Copy out all of the data word for word. Omit every picture.

_Recorded data_
● ● ● ● ●
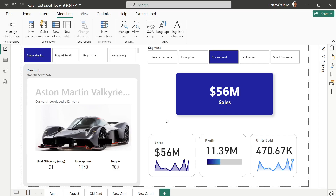Hi everyone, welcome to my channel. Today we are going to be looking at card visuals in Power BI. A card visual is a visual that you can use to view a single number — it can be total number of sales, total number of employees, total number of opportunities.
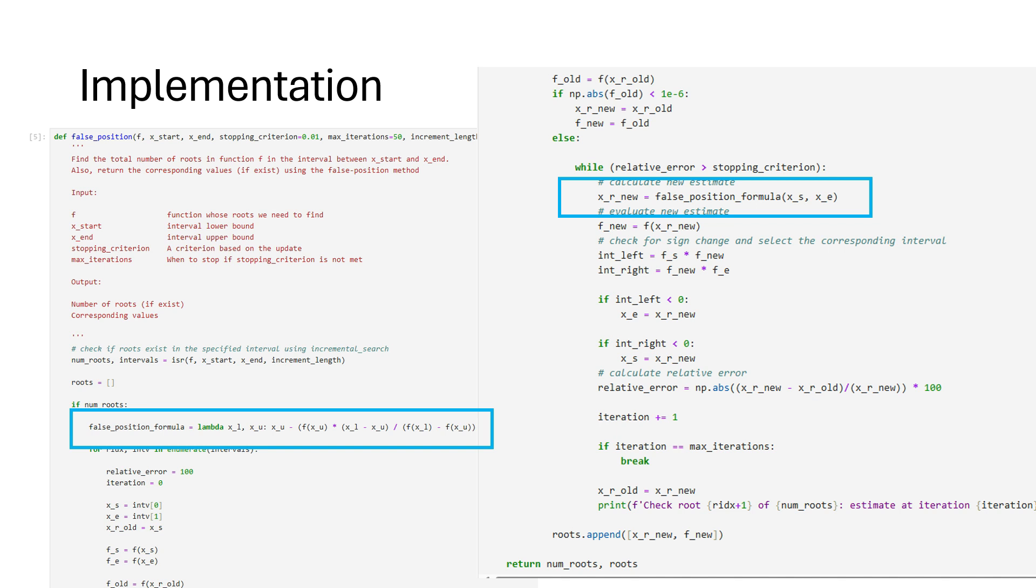If you are not sure what's happening in the code, please check the previous video on the bisection method where we provided a detailed explanation of the code.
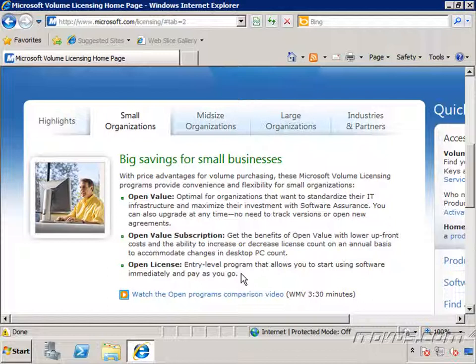Well, this is where Microsoft Volume Licensing comes in. And Microsoft Volume Licensing isn't just for the big, huge companies. Even if you have as little as five computers in your environment, you can get a Microsoft Volume Licensing agreement.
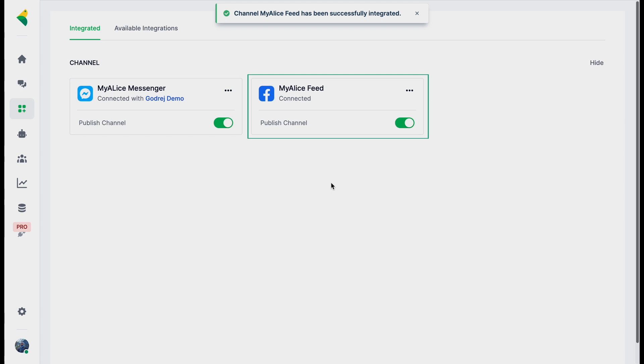The Facebook connection works through your Facebook account — it's pretty simple. Log into My Alice, go to integrations, and under available integrations select Facebook Messenger and Facebook Feed, then connect with your Facebook account. Please make sure you have admin access of the page you're trying to connect. Thanks for watching — in the next video I'll show you how to connect your Instagram account to My Alice.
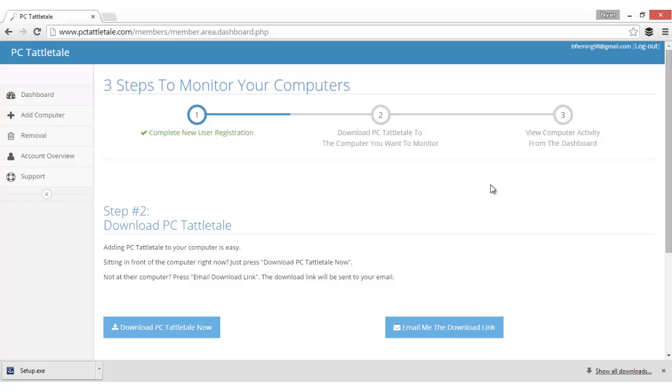Hey everybody, Brian Fleming from PC Tattletale dot com. Today I want to give you just a quick overview of PC Tattletale and show you how it works after you sign up, so that you know what you're getting with PC Tattletale.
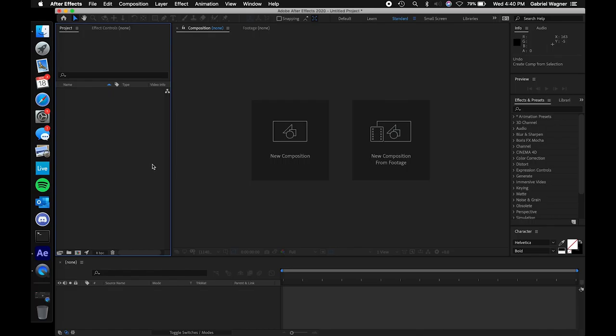Hello and welcome to another Adobe tutorial hosted by Gabriel Wagner. Today we are covering my favorite piece of software from Adobe, Adobe After Effects. After Effects lets you make a bunch of cool videos — you can make lightning shoot out of people's hands, or you can make some simple motion graphics, which is what we're going to do today with the Cast TV logo.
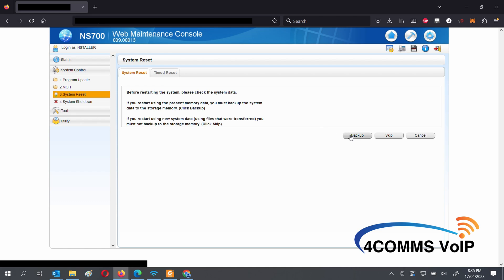Click on backup so the system does a backup before the reboot, and it'll confirm with you twice before it reboots.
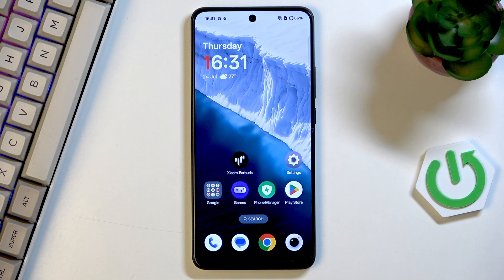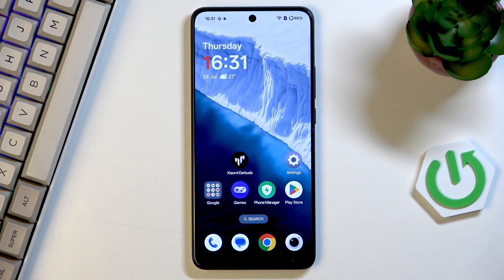Hi everyone. In front of me I've got a OnePlus Nord CE 5 and let me share with you how to turn off running apps on this device.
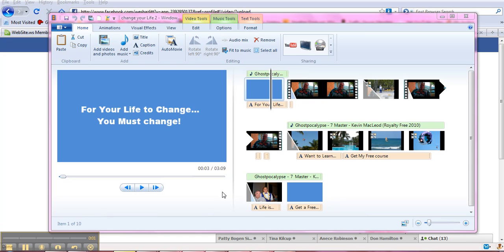Hi everybody, it's Wes Hazlitt and we're just continuing on with our Marketing with Quick Videos free course. And what we've done is create a movie in Windows Live Movie Maker.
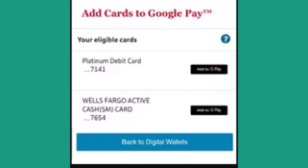And then you've successfully used your digital wallet. That is how you can use Wells Fargo Digital Wallet. That's it for this video — I hope the video was helpful. Make sure to like, share, and subscribe to our channel. Thank you for watching.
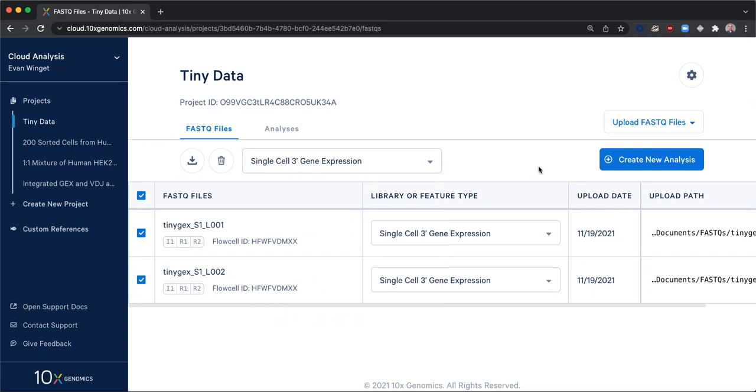We are now ready to create our analysis. These two FASTQ sets represent one sample that was processed through one gem well. These resulted in one library which was sequenced across multiple lanes in a flow cell, creating two FASTQ sets.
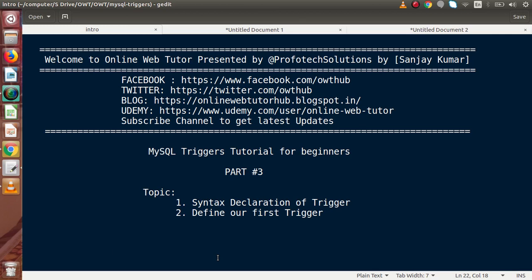Hello guys, welcome to Online Web Tutor presented by Profotex Solutions team. I am Sanjay. We are learning MySQL trigger series for beginners. This is Part 3. Inside this video session, we will discuss about syntax declaration of a trigger as well as we will define our first trigger.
● ● ● ● ●
_Response box_
Hi everyone, welcome to my channel. Today we are going to be looking at card visuals in Power BI. A card visual is a visual that you can use to view a single number — it can be total number of sales, total number of employees, total number of opportunities.
If you are not sure what's happening in the code, please check the previous video on the bisection method where we provided a detailed explanation of the code.
Well, this is where Microsoft Volume Licensing comes in. And Microsoft Volume Licensing isn't just for the big, huge companies. Even if you have as little as five computers in your environment, you can get a Microsoft Volume Licensing agreement.
The Facebook connection works through your Facebook account — it's pretty simple. Log into My Alice, go to integrations, and under available integrations select Facebook Messenger and Facebook Feed, then connect with your Facebook account. Please make sure you have admin access of the page you're trying to connect. Thanks for watching — in the next video I'll show you how to connect your Instagram account to My Alice.
Hey everybody, Brian Fleming from PC Tattletale dot com. Today I want to give you just a quick overview of PC Tattletale and show you how it works after you sign up, so that you know what you're getting with PC Tattletale.
Hello and welcome to another Adobe tutorial hosted by Gabriel Wagner. Today we are covering my favorite piece of software from Adobe, Adobe After Effects. After Effects lets you make a bunch of cool videos — you can make lightning shoot out of people's hands, or you can make some simple motion graphics, which is what we're going to do today with the Cast TV logo.
Click on backup so the system does a backup before the reboot, and it'll confirm with you twice before it reboots.
Hi everyone. In front of me I've got a OnePlus Nord CE 5 and let me share with you how to turn off running apps on this device.
Hi everybody, it's Wes Hazlitt and we're just continuing on with our Marketing with Quick Videos free course. And what we've done is create a movie in Windows Live Movie Maker.
And then you've successfully used your digital wallet. That is how you can use Wells Fargo Digital Wallet. That's it for this video — I hope the video was helpful. Make sure to like, share, and subscribe to our channel. Thank you for watching.
We are now ready to create our analysis. These two FASTQ sets represent one sample that was processed through one gem well. These resulted in one library which was sequenced across multiple lanes in a flow cell, creating two FASTQ sets.
Hello guys, welcome to Online Web Tutor presented by Profotex Solutions team. I am Sanjay. We are learning MySQL trigger series for beginners. This is Part 3. Inside this video session, we will discuss about syntax declaration of a trigger as well as we will define our first trigger.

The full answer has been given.